Predictive maintenance and predictive monitoring are common use cases for predictive analytics in manufacturing industries. Predictive maintenance provides early alerts about anomalies that indicate that a part might be about to fail, so that maintenance teams can schedule repairs more efficiently and fix parts while it’s still possible. Predictive monitoring moves beyond tracking parts to apply the same principles to the entire plant, identifying signs of inefficiencies in plant processes.

Businesses across various vertical industries apply predictive analytics to gain visibility into supply chains, especially complex supply chains that cross continents and suppliers. It is also used to improve customer service and gain a better understanding of the customer demands; for HR departments to increase employee retention; and for cybersecurity teams to identify vulnerabilities and assess potential threats. Healthcare providers use predictive analytics solutions to sort digital medical images like X-rays or MRI scans, to improve diagnostics, and ecommerce businesses use it for recommending products to customers.

However, data-based predictions are never completely accurate. Users also need more training to understand predictive analytics outcomes correctly and interpret data visualizations, unlike descriptive analytics, which are far more accessible. Before businesses can apply predictive analytics, they need to unite and prepare data and create and train models, which takes time and skill. Additionally, predictive analytics is only effective if you have sufficient data.

Descriptive Analytics

Descriptive analytics refers to traditional business intelligence (BI). It involves the collection and processing of historical data, and interpreting it to understand past events, without making forecasts about the future or attempting to predict what may happen next. Descriptive analytics uses simpler data visualizations that help users understand the implications of the results quickly and easily, like line graphs, bar graphs, and pie charts, rather than the more complex, multi-dimensional models produced by advanced analytics.

Descriptive analytics includes most social media analytics, like page views, response time, or engagement rate. It’s often the foundation for more complex analytics further down the line. Descriptive analytics still requires users to set metrics, aggregate data, clean and process the data for use, and present it in an accessible format, although most modern BI tools automate many of these tasks.
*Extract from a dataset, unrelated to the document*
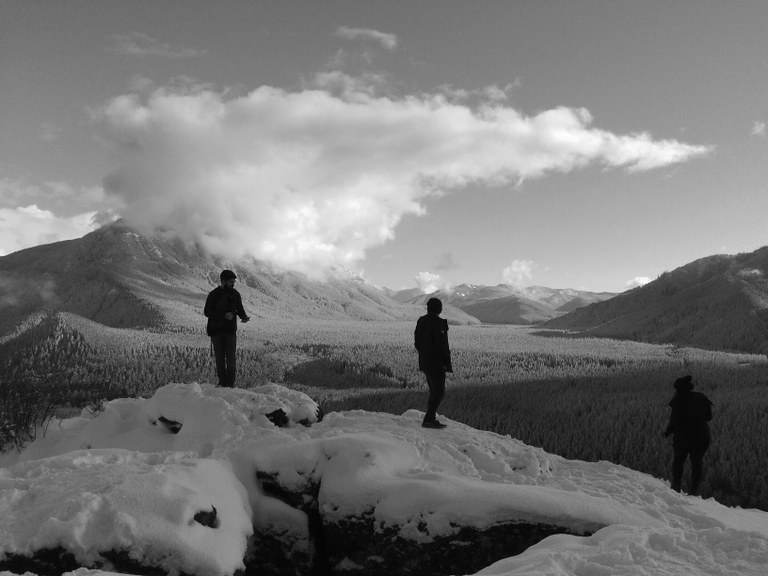 Hikers appreciate the winter landscape from a snowy outcrop.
Descriptive analytics has the advantage of being relatively easy and quick to apply, making it useful for day to day operations, producing financial reports, managing marketing strategies, and tracking inventory and sales. Employees can usually access descriptive analytics without much, or any, training, lowering the bar to entry and democratizing the availability of relevant business insights. It helps businesses to measure progress, check that goals are being met, and identify areas that need improvement. However, descriptive analytics solutions only scratch the surface of data insights and can’t dig deeper into data intelligence.
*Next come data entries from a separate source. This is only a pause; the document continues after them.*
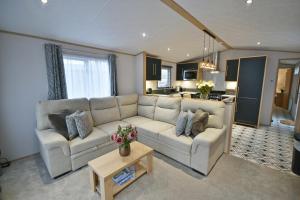 a living room with a couch and a table at Tranquility at Chantry Lodge in Clitheroe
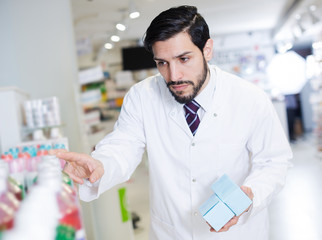 pharmacist standing with medicine on his work place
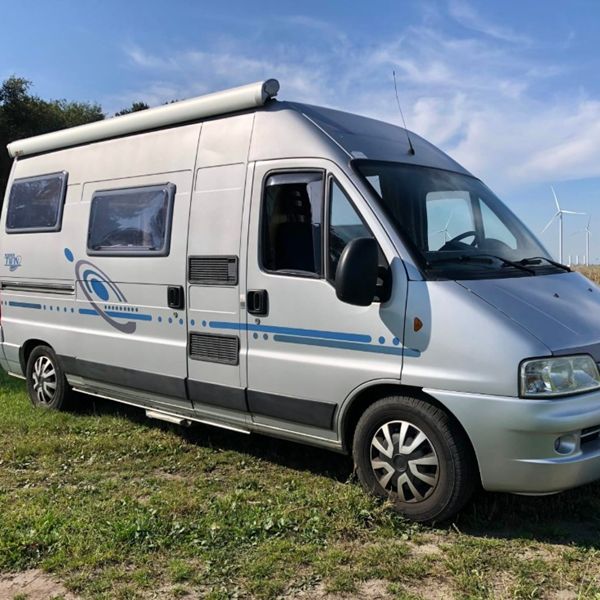 Adria Twin 2004 – buitenkant Adria Twin buscamper uit 2004, gezien vanaf de zijkant en achterzijde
It’s hard to think of any business, no matter how big or small it is or what vertical it relates to, that does not make use of descriptive analytics. Descriptive analytics use cases include refining marketing campaigns by tracking engagement and conversion rates; tracking sales levels through different seasons; and comparing revenue and profits to keep the business on track.

Analytics Keep on Evolving

Advanced analytics, predictive analytics, and descriptive analytics all have their role to play in different business use cases. By helping companies and business leaders to understand past events, predict possibilities for the future, and compare patterns, different types of analytics solutions can improve data-driven business decision-making and bring value to your company.